|| Commitment Capacity under Cost Constraints
||Manideep Mamindlapally, Indian Institute of Technology Kharagpur, India; Anuj Kumar Yadav, Indian Institute of Technology Patna, India; Manoj Mishra, National Institute of Science Education and Research, Bhubaneshwar Homi Bhabha National Institute, India; Amitalok Jayant Budkuley, Indian Institute of Technology Kharagpur, India|
||D7-S4-T4: Topics in Privacy & Cryptography II
||Tuesday, 20 July, 23:00 - 23:20
||Tuesday, 20 July, 23:20 - 23:40
We study the problem of commitment over channels under cost constraints. Commitment is a widely studied cryptographic primitive, where two mutually distrustful parties, say Alice and Bob, interact over two phases of a protocol, viz., commit phase followed by reveal phase, to achieve commitment on a bit string available to Alice. Commitment (over the string) is said to occur if (i) Alice commits to the string which remains securely hidden from Bob at the end of the commit phase involving Alice’s transmission to Bob, and (ii) Alice reveals a string to Bob and Bob is able to successfully detect whether the string is the committed one or not. When Alice and Bob are computationally unbounded, i.e., under the information-theoretic setting, it is well known that even a single bit commitment is impossible when the channel available to Alice and Bob is noiseless. Noisy channels, however, offer the potential of non-zero commitment rate, and thus, are a valuable resource.

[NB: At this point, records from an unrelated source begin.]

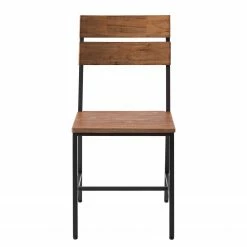 Ars manufacti Chaises Manchester II (lot de 2) - Acacia massif / Métal - Acacia / Noir -Chaises Boutique 1000164684 191010 11422400002 DETAILS P000000001000164684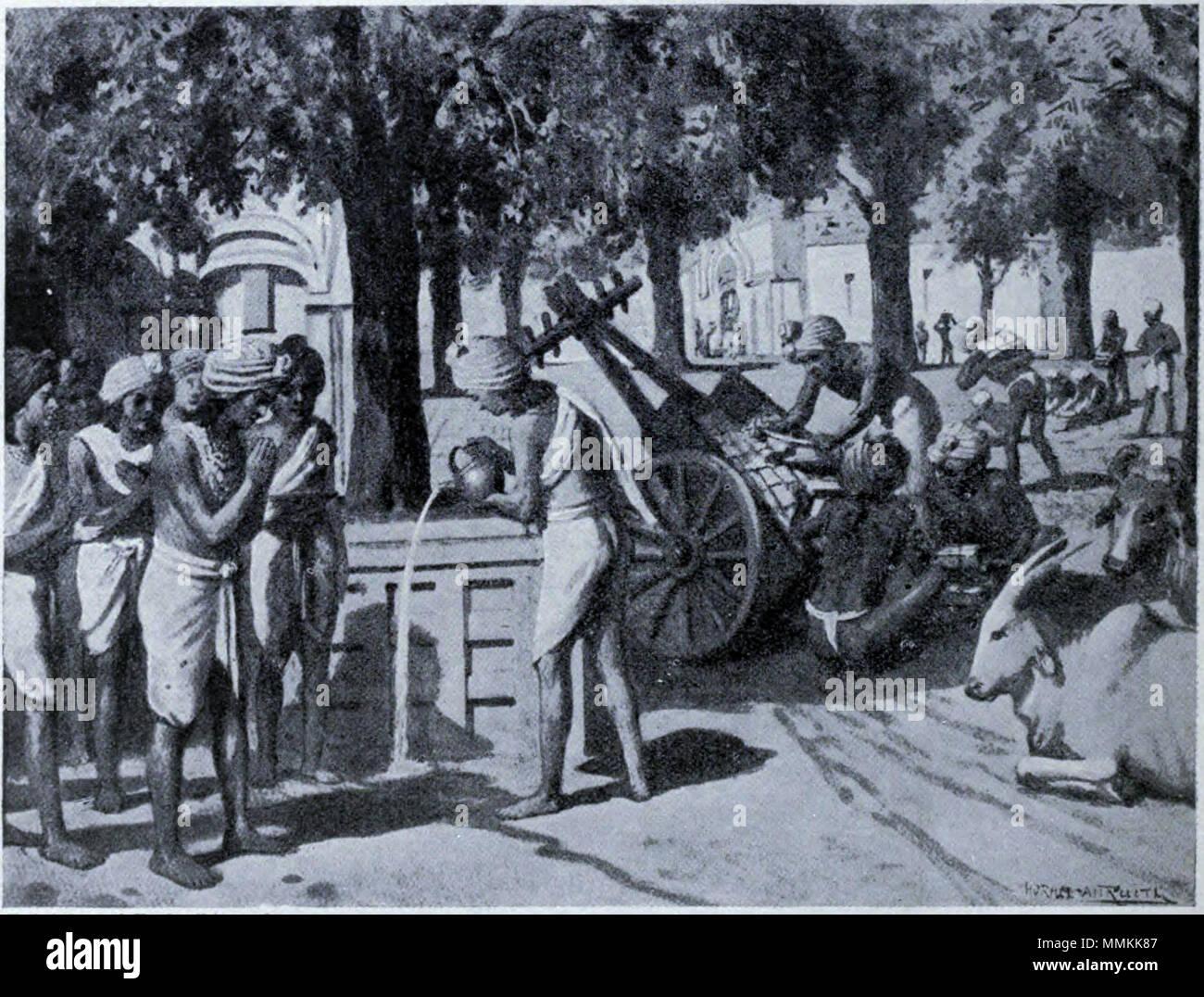 . Esatta data di pubblicazione sconosciuta.. Unknown 43 Anathapindika il grande atto di carità Foto Stock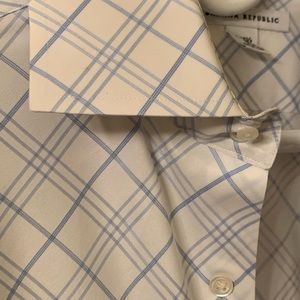 Banana Republic Blue and White Dress Shirt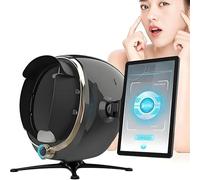 HajMyrdonyx Facial Skin Testing Machine 3D Skin Moisture Analyzer Achieve Glowing Skin Effortlessly, Skin Problem Detection Machine,8 Spectral Facial Moisture Analyzer,Multilingual Black-21.5inches
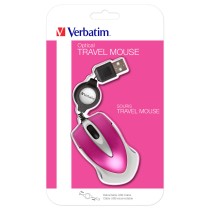 Optical mouse Verbatim 49021 Pink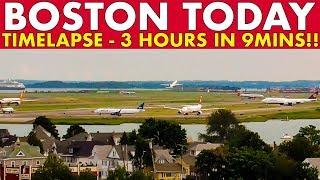 BOSTON TODAY Timelapse 3 Hours of Peak Traffic in 9 minutes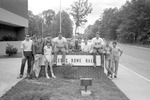ROTC Scenes, circa 1984 Around Rowe Hall 4 by unknown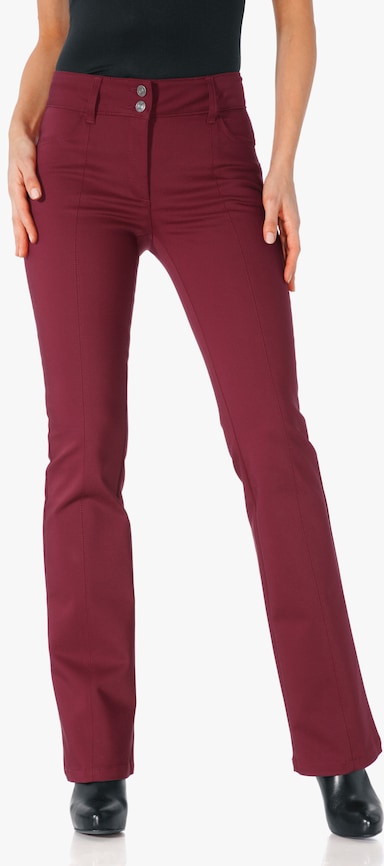 heine Bootcut broek - bordeaux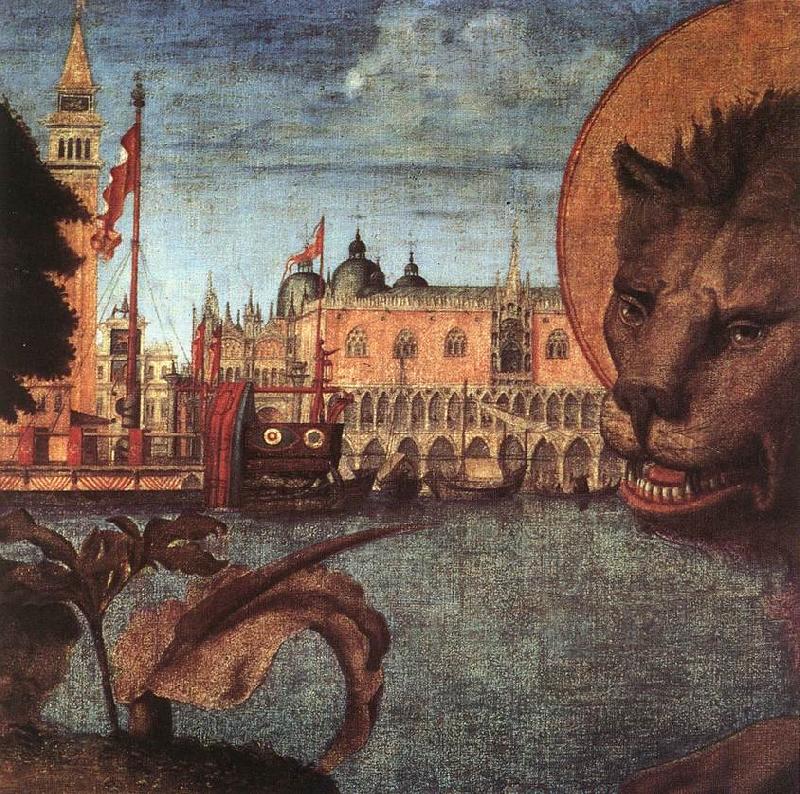 CARPACCIO, Vittore The Lion of St Mark (detail) oil painting picture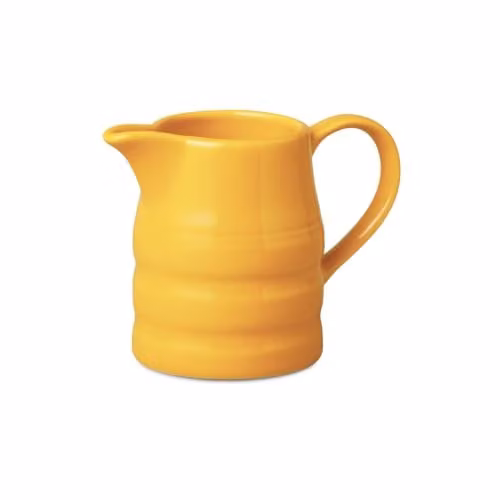 WM Bartleet & Sons Ceramic Churn Style Serving Jug, 0.5 Pint, Yellow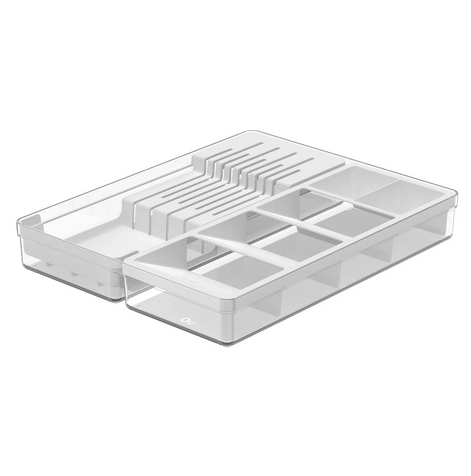 Organizador de Facas e Talheres Clear Branco (ref.OGC2100BCF)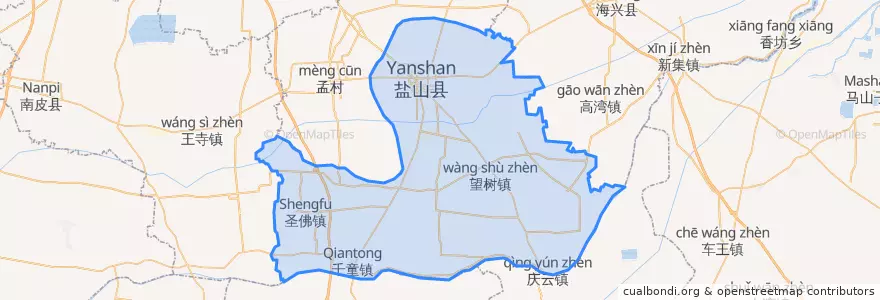 Mapa de ubicacion de 盐山县.
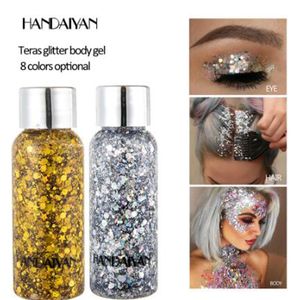 Handaiyan Shadow Teras Glitter Body Gel Face Body Sparkle Body Eye Shadow Dazzle偏光段階メイク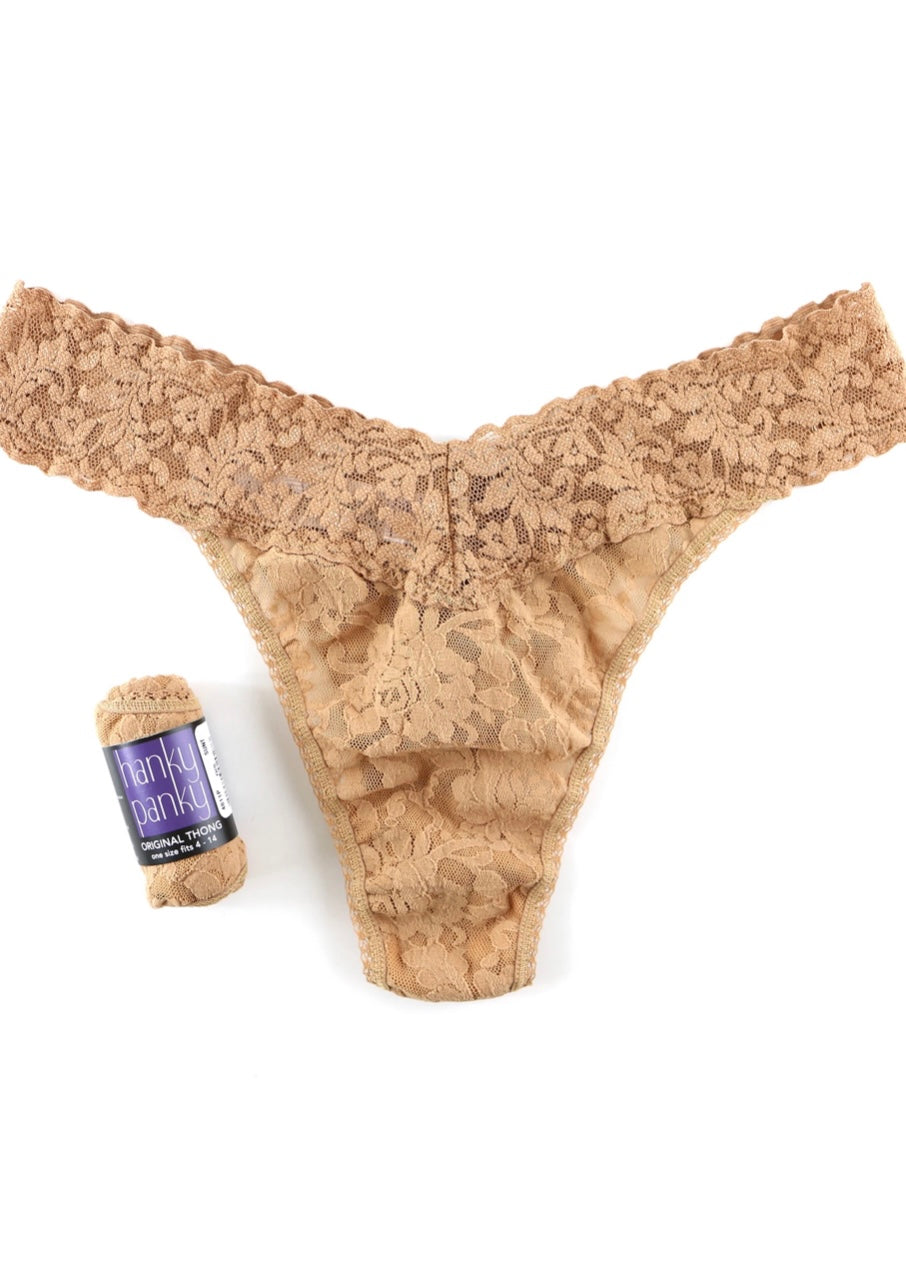 Signature Lace Thong
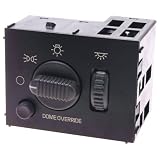 ACDelco D1534G Headlight and Dimmer Switch Assembly with Domelight Override by ACDelco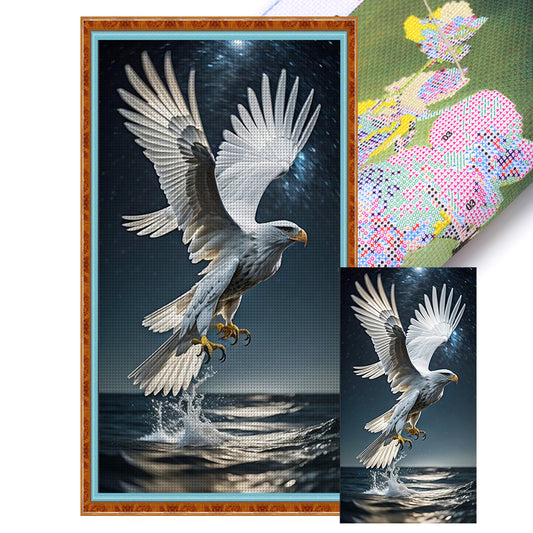 Sea Eagle - 11CT Stamped Cross Stitch 40*70CM(Joy Sunday)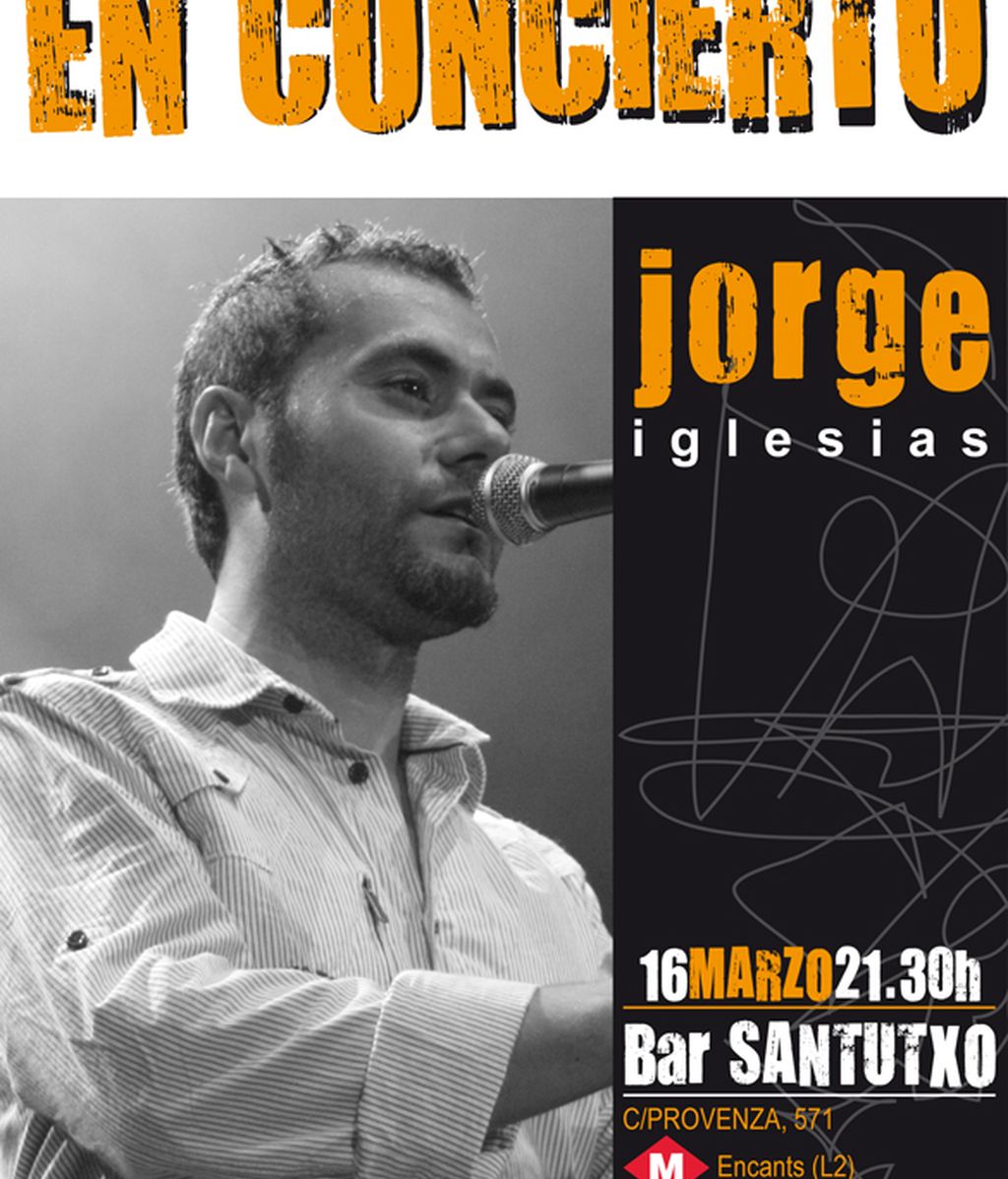 Concierto de Jorge Iglesias en Barcelona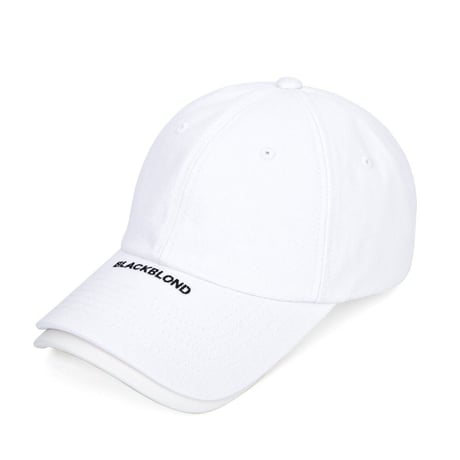 『BLACKBLOND』  クラシックロゴダブルバイザーキャップ (White)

We study information-theoretically secure commitment over noisy discrete memoryless channels (DMCs). The largest commitment throughput over noisy channels is called the commitment capacity or simply capacity. In this work, we completely characterize via a single-letter expression, the commitment capacity of DMCs under general cost constraints; this generalizes the previously known result in the absence of such cost constraints. We show that cost constrained commitment capacity of any given DMC can significantly differ from its unconstrained value. We also present a dual capacity characterization in terms of output distributions. Interestingly, we show that every input distribution achieving the capacity results in the same output distribution; the latter is the unique optimizer of our dual capacity expression.